▸ **INPUT DATA**:
--- START ---

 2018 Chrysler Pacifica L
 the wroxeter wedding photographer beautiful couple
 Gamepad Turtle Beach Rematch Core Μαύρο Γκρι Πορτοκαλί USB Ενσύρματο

--- END ---

▸ **WORK ORDER**: Your answer should hold the line with "the wroxeter wedding" and each line after it to the end of the data, retyped exactly. Include no other lines.

▸ **ANSWER**:
 the wroxeter wedding photographer beautiful couple
 Gamepad Turtle Beach Rematch Core Μαύρο Γκρι Πορτοκαλί USB Ενσύρματο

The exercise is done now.